Applications on the client only need to know one transport address: that of the name server that is responsible for telling the application where to connect for a given set of server functions.
The function-call model can be used instead of the send/receive (read/write) interface provided by sockets. Users don’t have to deal with marshaling parameters and then parsing them out on the other side.
Implementing remote procedure calls requires various supporting services. The key components to support RPC will often include:
- Marshaling operations
- Data that goes to and from a remote procedure (arguments, return values, and exceptions) has to be converted to a format that can be transmitted over the network (serialization) and then converted that data back into its original format (deserialization) on the other end. It needs to be augmented with additional information, such as the function or method that is being called, object instance (if objects are supported), and version number (if versioning is supported). Common serialization formats in Python include XML (for XML-RPC), JSON (for JSON-RPC), and Protocol Buffers (for gRPC). The choice of serialization format can influence the speed and efficiency of the RPC communication.
- Name service and discovery operations
- Register and look up binding information (ports, machines, protocols). Allow an application to use dynamic (operating system assigned) ports.
- Transport protocol support
- Once data is serialized, it needs to be sent to the remote system. This is achieved through a transport protocol. Some systems use TCP or UDP protocols directly. Others, such as XML-RPC may use HTTP/HTTPS over TCP or, in the case of gRPC, HTTP/2 over TCP.
- Connection Management
- The system needs to handle the creation, maintenance, and termination of network connections. This can involve dealing with connection pooling, retries, timeouts, and other network-related issues.
- Service definition and stub/skeleton generation
- In some RPC frameworks, especially those using strongly-typed data structures (like gRPC), service interfaces need to be explicitly defined through an interface definition language. These definitions often provide information about the methods available, their input parameters, and their return types. Stubs (client-side proxies) and skeletons (server-side method implementations) are then auto-generated from these definitions.
- Security operations
- The system should provide mechanisms for the client and server to be able to authenticate each other and to provide a secure communication channel between the two.
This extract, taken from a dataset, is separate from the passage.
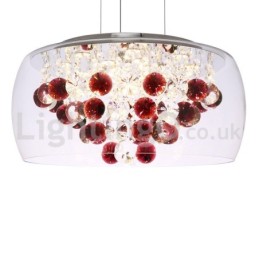 Moderné krištáľové závesné svietidlo s okrúhlym tienidlom na lampu 40 cm 50 cm
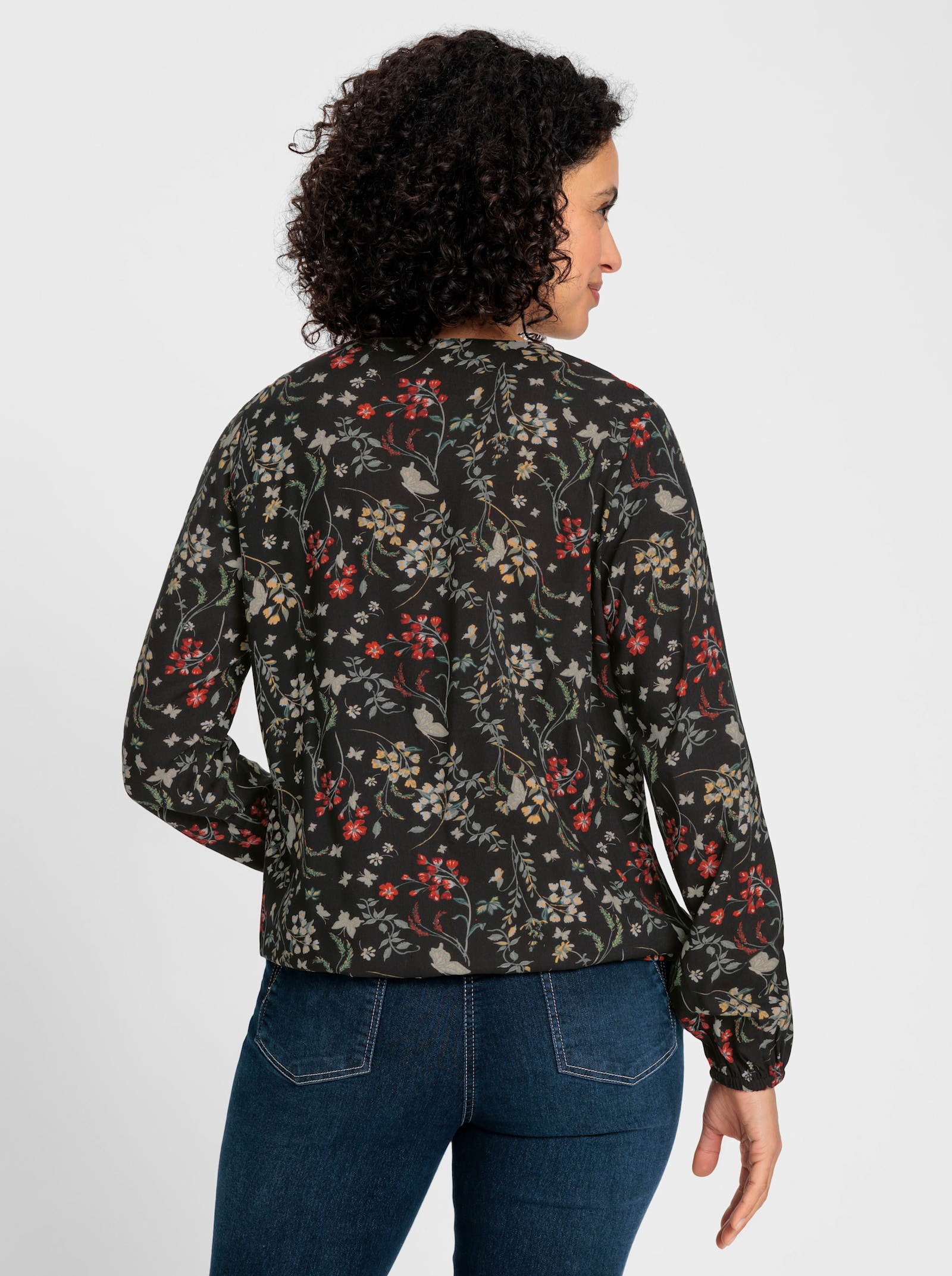 Halenka s dlouhým rukávem z čisté viskózy - černá-okrová-potisk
- Stub memory management and garbage collection
- Stubs may need to allocate memory for storing parameters, particularly to simulate pass-by-reference semantics. The RPC package needs to allocate and clean up any such allocations. They also may need to allocate memory for creating network buffers. For RPC packages that support objects, the RPC system needs a way of keeping track whether remote clients still have references to objects or whether an object can be deleted.
- Error Handling
- Errors can occur during remote calls, both at the application level (e.g., an exception in the remote method) or at the network level (e.g., network outage, timeout). A good RPC mechanism will have robust error handling and might also support features like exception propagation.
- Object and function ID operations
- Allow the ability to pass references to remote functions or remote objects to other processes. Not all RPC systems support this.
- Security operations
- Depending on the use case, the RPC communication might need to be secured. This can involve authentication – verifying the identity of the caller; authorization – determining if the authenticated caller has permission to perform the requested operation; encryption – ensuring that the data transmitted over the network can’t be read by unauthorized parties. Systems such as gRPC that sit on top of HTTP and HTTP/2 use Transport Layer Security (TLS) to support encrypted, authenticated RPC communication.